I know there is not much real evidence for it, and I'm not personally a believer, but some people say the same thing about our own species. Not going back a half million years, but some say that some humans may have lived in cities and had relatively advanced (compared to stone age) technology before the last Ice Age, but we got knocked back so many times by natural disaster that we're only partially aware of the last 5-10,000 years of history.

Like I said, there's no evidence for it, but it's an interesting concept to think about, and it's not completely impossible.
 
^Seen. I tried to view it frame by frame, but it was very quick, in the end when the camera scanned that room with all the bodies.
 
Given that both Humans and cardassians had both been to the same planet (the one in Observer Effect, Enterprise), I'd say first contact with them came fairly early.

That's kinds odd, it would mean in TOS the Federation was in contact with an military dictatorship with an expansionist ideology and yet there was no mention of them in TOS era.

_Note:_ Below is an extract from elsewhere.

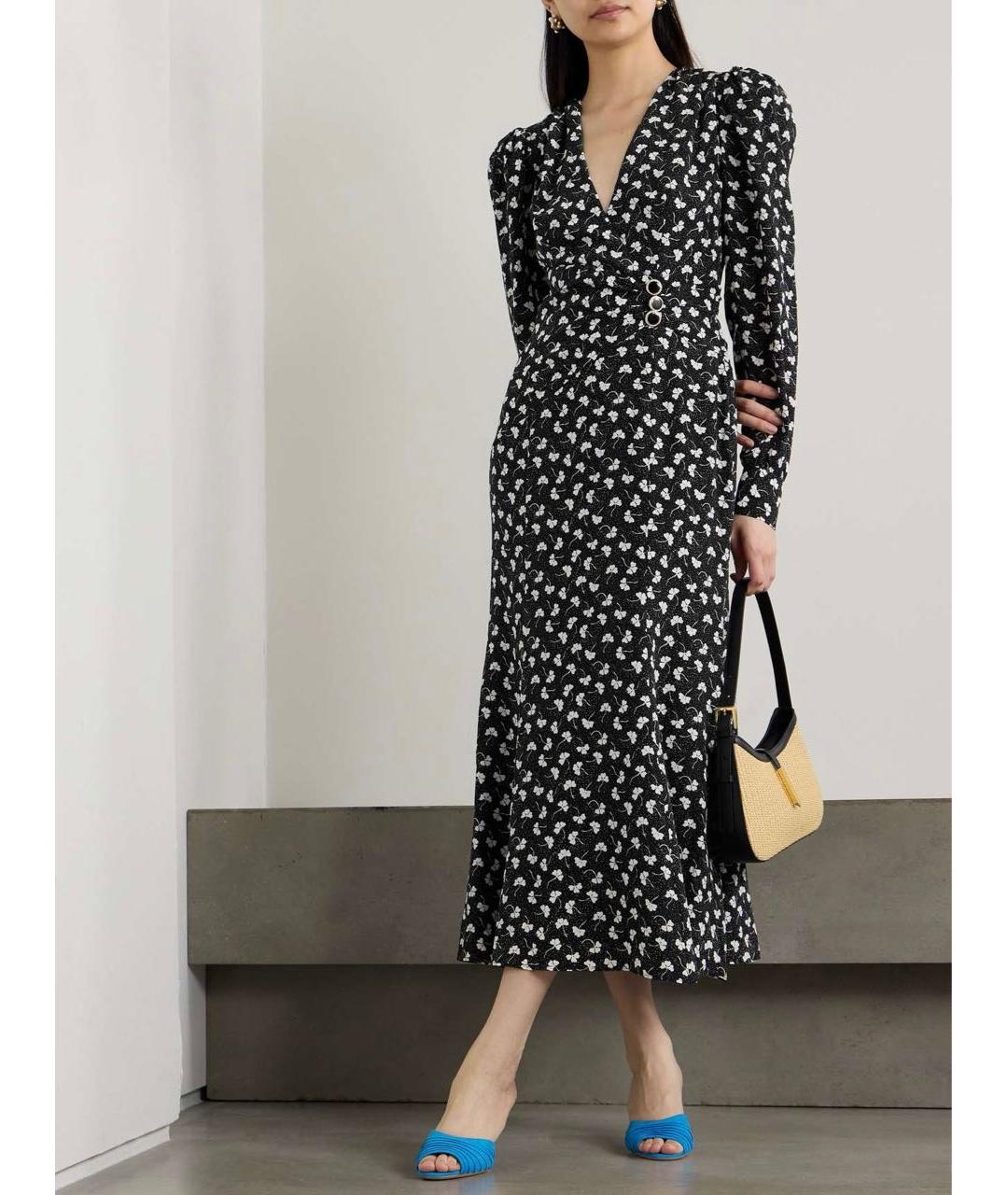 ALESSANDRA RICH Черное шелковое коктейльное платье, фото 5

Europeans were aware of the existence of China and India for centuries before regular direct contact was established. Could not the same be true of the Federation and Cardassia?
 
From today's point of view, it is difficult to understand why any two cultures would choose to have close ties at all, across the interstellar gulf. Cultural exchange sounds too uninteresting when the cultures are so similar to begin with; the selling of booze and other curios transportable by the puny little freighters we witness would appear profoundly unprofitable. Unless there were a pressing military reason for the two entities to join their starfleets, I don't think species X would have too much to do with species Y especially if it already got alien-contact benefits from knowing species Z.

Even in Trek, serious state-level contact probably is something you do when you can afford to, not something you strive to do for profit. Private parties might do small-scale business like Quark's tulaberry wine thing - but in political terms, just knowing Cardassia would not be sufficient cause for admitting to knowing Cardassia.

Timo Saloniemi
 
Despite what Star Trek says, space is freaking huge. I could easily see isolated incidents of meeting Cardassians for decades or centuries prior to the 'official' first contact with the Cardassian Union.